Splitting Syncs Automatically
Starting from version v6.8.0 of the CloudQuery CLI, you can use the --shard flag to automatically split a sync into smaller parts that can be run in parallel.
For example, to split a sync into 4 parts, you can run:
cloudquery sync config.yml --shard 1/4 cloudquery sync config.yml --shard 2/4 cloudquery sync config.yml --shard 3/4 cloudquery sync config.yml --shard 4/4The shard flag will automatically split the sync into parts, ensure each part gets a unique source name, and that the parts don’t overlap. It’s recommended to run the parts in parallel, as the sync will be faster than running a single sync.
You can find an example of how to run the syncs in parallel in the GitHub Actions Deployment Guide section.
Supported Source Integrations for Sharding
| Source Integration | Minimal Version |
|---|---|
| AWS | v27.20.0 |
| Azure | v14.8.0 |
| GCP | v16.3.0 |
Splitting Syncs Manually
If you are using an older version of the CloudQuery CLI, or if you want to manually split a sync, you can do so by creating different configurations for each part of the sync, using the guidelines below.
Unique Names
Every source and destination integration configuration must have a unique name. This is required because the name is written into the database (_cq_source_name), and is used to later delete stale resources.

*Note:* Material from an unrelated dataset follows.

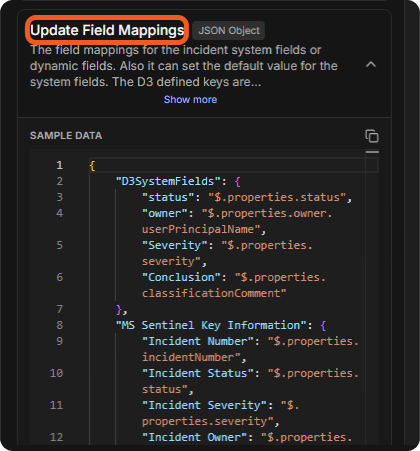The Update Field Mappings input of the Fetch Incident command, a JSON Object whose sample data maps D3SystemFields and a dynamic section to JSON paths in the Microsoft Sentinel incident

For instance, a configuration with multiple source integrations could look like:
kind: source spec: name: aws1 path: cloudquery/aws registry: cloudquery ... --- kind: source spec: name: aws2 path: cloudquery/aws registry: cloudquery ... --- kind: destination spec: name: "postgresql" path: cloudquery/postgresql registry: cloudquery ...If the names are not unique, then the different integrations may delete/overwrite each other’s resources.
No Overlapping Syncs
When splitting a sync into multiple source-integration configurations to be run in parallel, it is important that these syncs don’t overlap - the set of Account/Table/Region that every source-integration grabs must not intersect.
For instance, in GCP, if the first source-integration fetches resource A from project 1, the second source-integration can fetch resource B from project 1, or resource A from project 2, but can never fetch resource A from project 1.
For another example, if the first source-integration fetches from region europe-west1 in project 1, the second source-integration can fetch from region europe-west1 in project 2, or from region europe-west2 in project 1, but can never fetch from region europe-west1 in project 1.
If the configurations overlap, the behavior is undefined, and the database may contain duplicate rows.